М. ИСАКОВСКИЙ

О "СЕКРЕТЕ" ПОЭЗИИ

(Ответ моим корреспондентам)

1

Пожалуй, чаще всего мои корреспонденты просят:

«Раскройте нам секрет поэзии. Расскажите, что нужно для того, чтобы писать хорошие стихи».

Когда-то в ранней юности я также полагал, что в поэ­зии действительно существует некий «секрет» и что ес­ли бы нашелся такой человек, который разъяснил бы, раскрыл этот «секрет», то больше ничего и не надо: я уже раз и навсегда научился бы писать хорошие стихи.

Разумеется, такое представление о поэзии ошибочно.

Всеобщего, универсального, годного на все случаи жизни «секрета» поэзии не су­ществует и существовать не может.

Если все же и есть какой-то «секрет» поэтического творчества (слово «секрет» я употребляю здесь сугубо условно), то этот. «секрет» у каждого поэта свой, особый, индивидуальный. И «секрет», скажем, одного поэта уж никак не годится для другого. Его нельзя рассматри­вать как некий ключ, которым можно открыть любой замок.

Я думаю, что правильно было бы сказать так: «сек­рет» поэтического творчества поэт может найти только сам, и притом в самом себе. Всякий поэт всегда должен

«открывать» его для себя заново, так же, как он должен открывать заново и свою собственную поэзию.

Обладать поэтическим «секретом» — это прежде все­го значит быть в творчестве самостоятельным, то есть говорить так, как свойственно только тебе, а не кому-либо другому, говорить о том, о чем можешь сказать только ты, потому что ты сам увидел это в жизни, сам передумал, перечувствовал, понял, сделал выводы, причем темой разговора должно быть нечто большое,  значительное,  интересное  не только для самого поэта или узкого кру­га людей, а для самых широких слоев чи­тателей.

Нельзя думать так, что поэт, владея стихотворной техникой, лишь механически, бесстрастно рассказывает в зарифмованных строчках о тех или иных фактах, о тех или иных явлениях жизни.
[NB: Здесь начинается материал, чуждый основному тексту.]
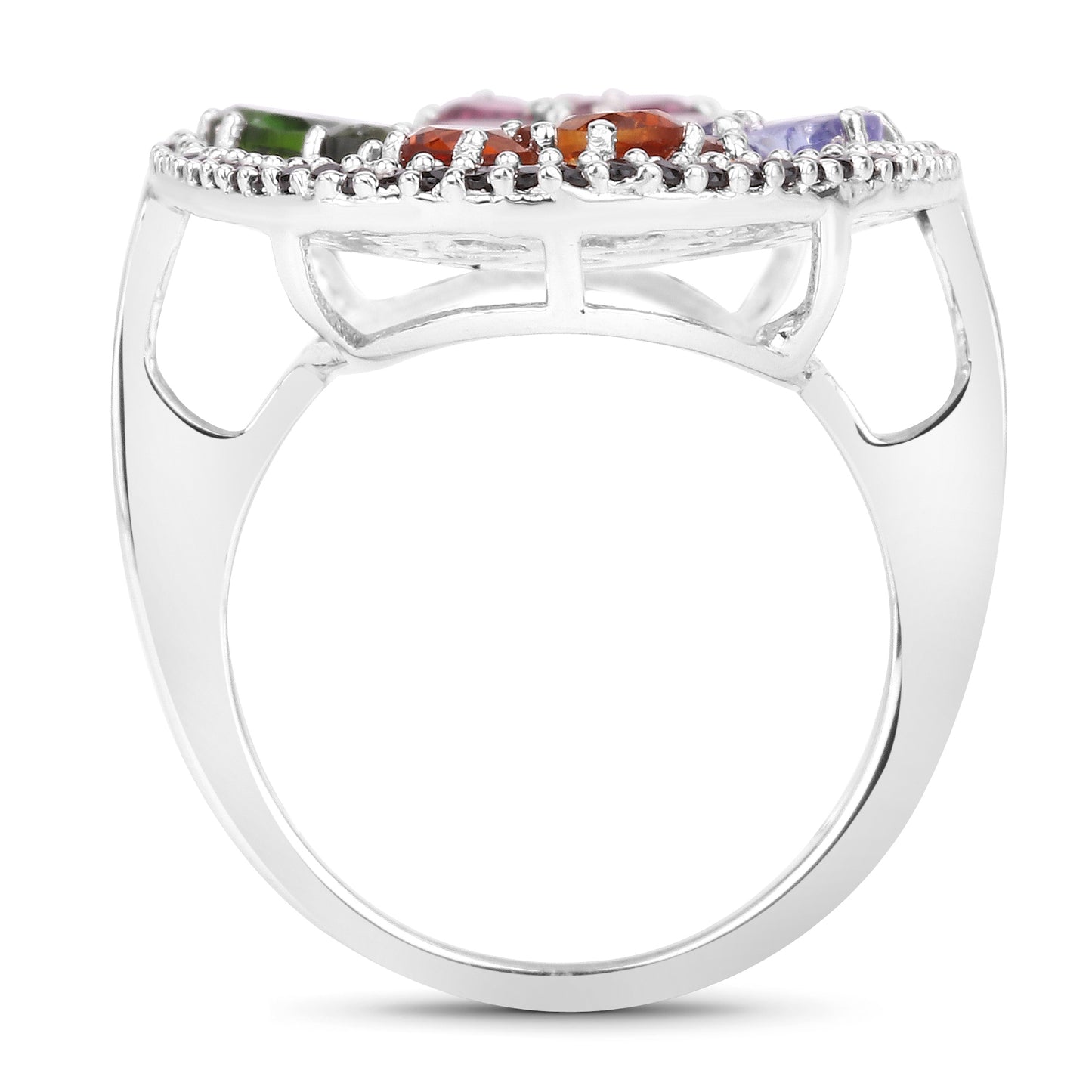 Genuine Multi-Gemstone Sterling Silver Floral Ring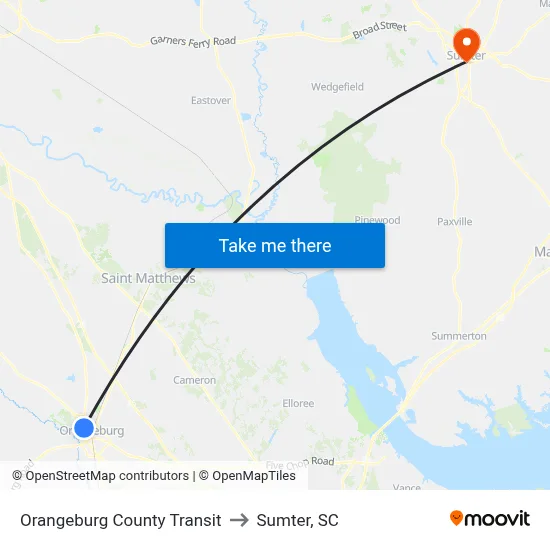 Orangeburg County Transit to Sumter, SC map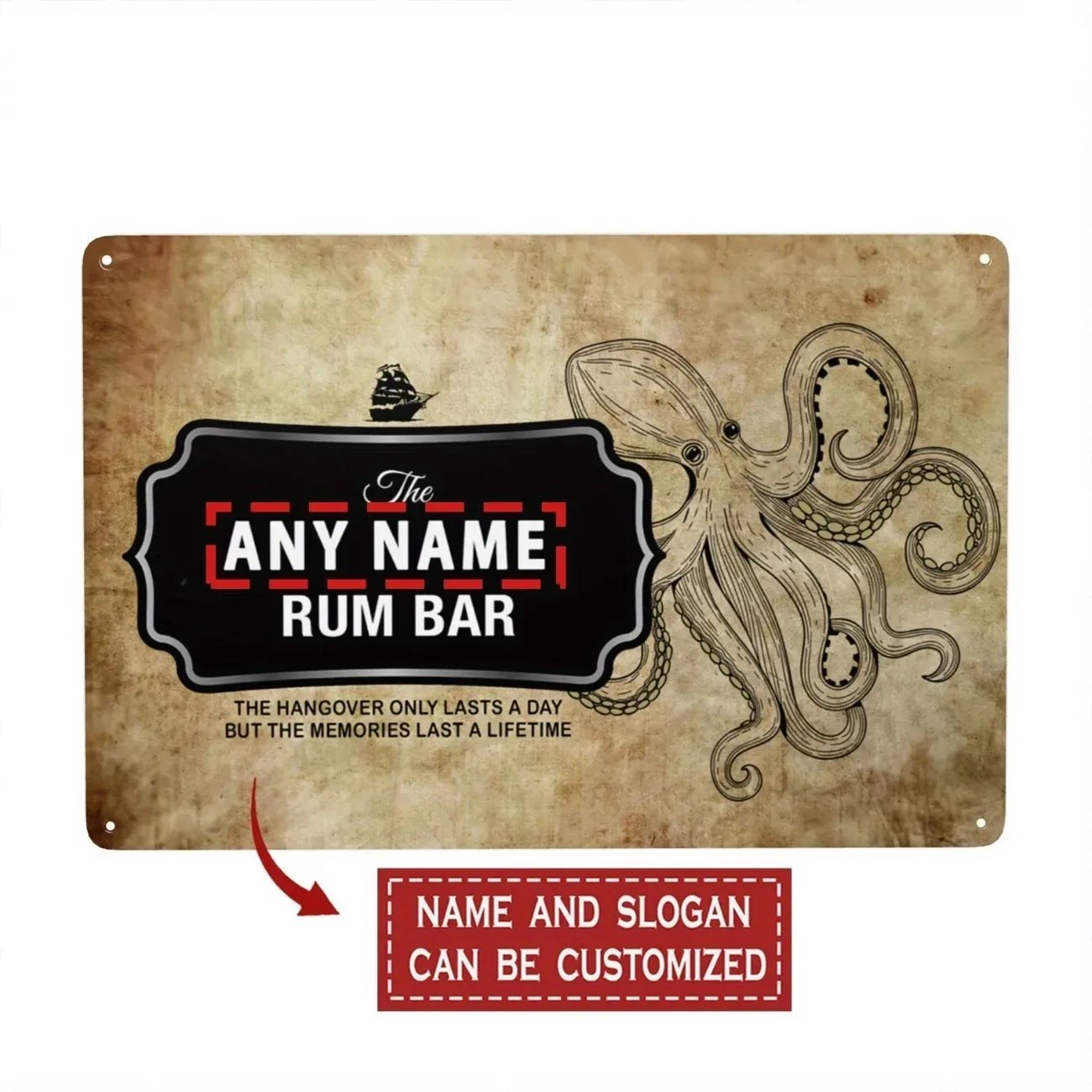 Letrero de metal de aluminio con ron especiado vintage personalizado, 30 × 20 cm, decoración de pared personalizada para el hogar, bar, pub, licor, salón, decoración interior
Знание стихотворной тех­ники, разумеется, необходимо, но не оно решает успех дела.

Творческий процесс—вещь неизмеримо более слож­ная, нежели умение стандартно пользоваться так назы­ваемыми правилами стихосложения.

Предположим, что поэт пишет стихи в связи с каким-либо событием, взволновавшим его. Это значит, что дан­ное событие, прежде чем войти в стихи, неизбежно про­ходит через сознание поэта, через его душу, через все его существо. И, описывая событие, поэт (если он, ко­нечно, поэт настоящий) неизменно вкладывает в стихи свое понимание событий, свое отношение к нему, свои мысли и чувства. Другими словами, он преподносит событие так, как видит его сам своим разу­мом и сердцем. При этом он, разумеется, дол­жен быть и объективным, то есть должен правильно понимать происшедшее, не ис­кажать его, не уходить от правды.

Понять все это и осуществить на прак­тике и означает раскрыть «секрет» поэзии, хотя, как видите, ничего секретного, ничего не­обычного в этом нет.

2

Здесь я хотел бы привести один пример. Я сошлюсь на известное стихотворение Некрасова «Несжатая полоса». Как вы помните, содержание его таково: наступила поздняя осень, а к поле все еще стоит несжатая крестьянская полоска. Не сжата она потому, что ее хозяин надорвался на работе и тяжко заболел.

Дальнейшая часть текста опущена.